Given records: Begin

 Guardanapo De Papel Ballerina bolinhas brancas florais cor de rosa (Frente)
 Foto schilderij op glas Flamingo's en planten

Given records: End
Given records: Begin

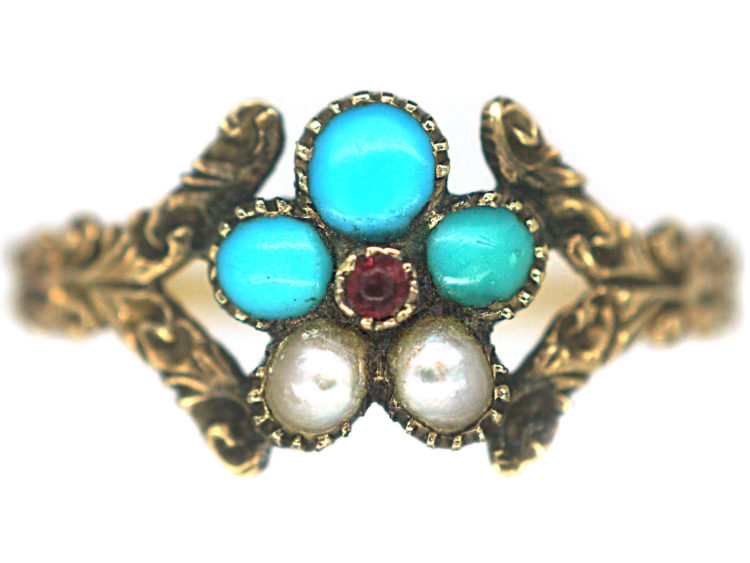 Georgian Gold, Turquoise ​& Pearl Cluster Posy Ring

Given records: End
Given records: Begin

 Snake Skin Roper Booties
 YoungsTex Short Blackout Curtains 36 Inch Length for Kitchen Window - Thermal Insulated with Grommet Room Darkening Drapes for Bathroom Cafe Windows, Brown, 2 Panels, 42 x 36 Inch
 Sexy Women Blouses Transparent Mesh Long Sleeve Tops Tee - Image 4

Given records: End

### Work item
Return word for word the lines above from the line with "YoungsTex Short Blackout" to the line with "Sexy Women Blouses", including both and leaving out all others.

### Answer box
 YoungsTex Short Blackout Curtains 36 Inch Length for Kitchen Window - Thermal Insulated with Grommet Room Darkening Drapes for Bathroom Cafe Windows, Brown, 2 Panels, 42 x 36 Inch
 Sexy Women Blouses Transparent Mesh Long Sleeve Tops Tee - Image 4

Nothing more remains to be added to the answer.